Sunday, April 16, 2006

New York Post: Flight United 93

April 16, 2006 -- With the release of transcripts from doomed Flight 93, the nation last week was re minded of the elemental nature of the war that began in earnest on 9/11 - and of the inspirational heroism of the Americans who were among the first to fight in it.
Flight 93 went down in a Pennsylvania field after a fierce struggle between passengers and the terrorists who had hijacked the aircraft.

Had it been allowed to complete its deadly trajectory - perhaps to the White House or the Capitol - the toll surely would have been far higher.

The plane's passengers refused to let that happen. The terrorists announced they had a bomb and demands, trying to fool those aboard into thinking that it was a traditional - what a quaint concept - hijacking and that the plane would return to the airport.



But that wasn't to be.

Two passengers' throats were slit.
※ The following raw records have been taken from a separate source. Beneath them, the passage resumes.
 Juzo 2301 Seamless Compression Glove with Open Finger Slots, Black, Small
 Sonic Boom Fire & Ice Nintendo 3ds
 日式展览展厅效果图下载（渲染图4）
And, as the recording played at the sentencing hearing of 9/11's 20th hijacker, Zacarias Moussaoui, makes clear, events in the cabin were harrowing, with the killers barking commands: "Shut up!" "Sit down!"

A woman desperately begs for her life. "Please, please, please," she cries. "Please, please, don't hurt me . . . Oh God . . . "
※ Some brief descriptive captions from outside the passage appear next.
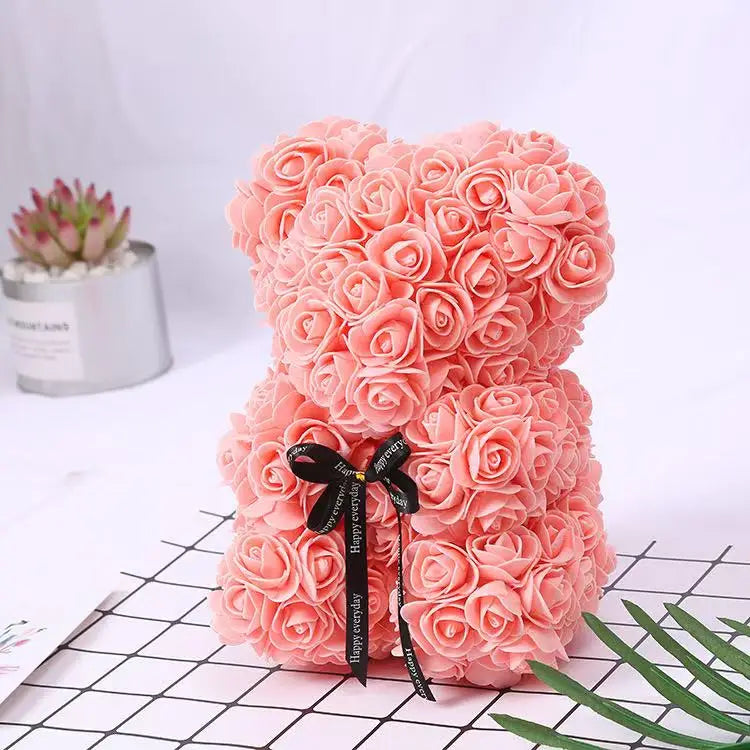 Coral foam rose bear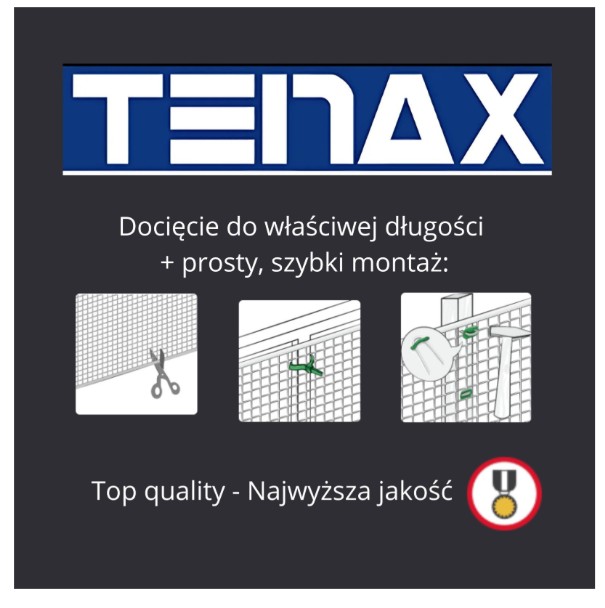 Siatka PVC quadra 20 grafit 1.0M*10mb oczko 20mm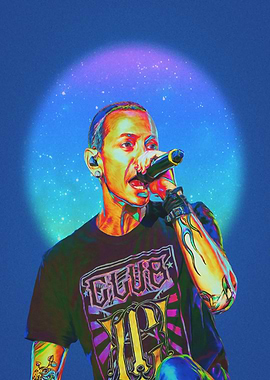 Chester Bennington Colorful Portrait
She repeats, "I don't want to die, I don't want to die, I don't want to die."

Her voice is not heard again.

A minute later, a voice in Arabic says, "Everything is fine."

Throughout the transcript, too, there are references to the terrorists' perverted religious sensibilities. "In the name of Allah, the most merciful, the most compassionate," a voice says in Arabic.

Presently, passengers learned from cellphone calls what had happened at the World Trade Center. In mortal peril and with hope ebbing, they acted.

"In[to] the cockpit," a voice directs. "If we don't, we'll die!"

These were average, everyday Americans, unaccustomed to violence and untrained to fight.

The terrorists were cold-blooded killers - ready to do anything to fulfill their mission.

For decades, until now, passengers on hijacked airplanes had been instructed to comply with orders; doing so saved their lives.

Not this time.

Not on Flight 93.

The immortal words of one heroic passenger, Todd Beamer, became a rudely awakened nation's rallying cry: "Let's roll," he said, as these instant soldiers - America's first in the War on Terror - resolved to retake the plane.

The nation, too, stiffened its spine and swiftly joined the battle.

"Tonight, we are a country awakened to danger," President Bush told the world in an address before Congress nine days later. "Our grief has turned to anger and anger to resolution. Whether we bring our enemies to justice or bring justice to our enemies, justice will be done."

Bush warned Americans not to expect "one battle but a lengthy campaign unlike any other we have ever seen."

Did America have the resolve?

You'd best believe it. Said Bush, famously: "We will not tire, we will not falter, and we will not fail."

Four and a half years later, as a violent and complicated situation drags on in Iraq, some Americans desperately seek to go back to sleep.

There's been no attack on U.S. soil since 9/11, so they assume that the war is over, that the threats have passed.

Fat chance.

Like it or not, this is an age of preemption. Be it Iran, Iraq, al Qaeda or any other hostile party, the rule today must be: Act before it's too late.

The courageous souls of Flight 93 figured that out. They gave their lives in the battle, saving others - for which America should be forever grateful.

And they set the painful but noble tenor of a new day.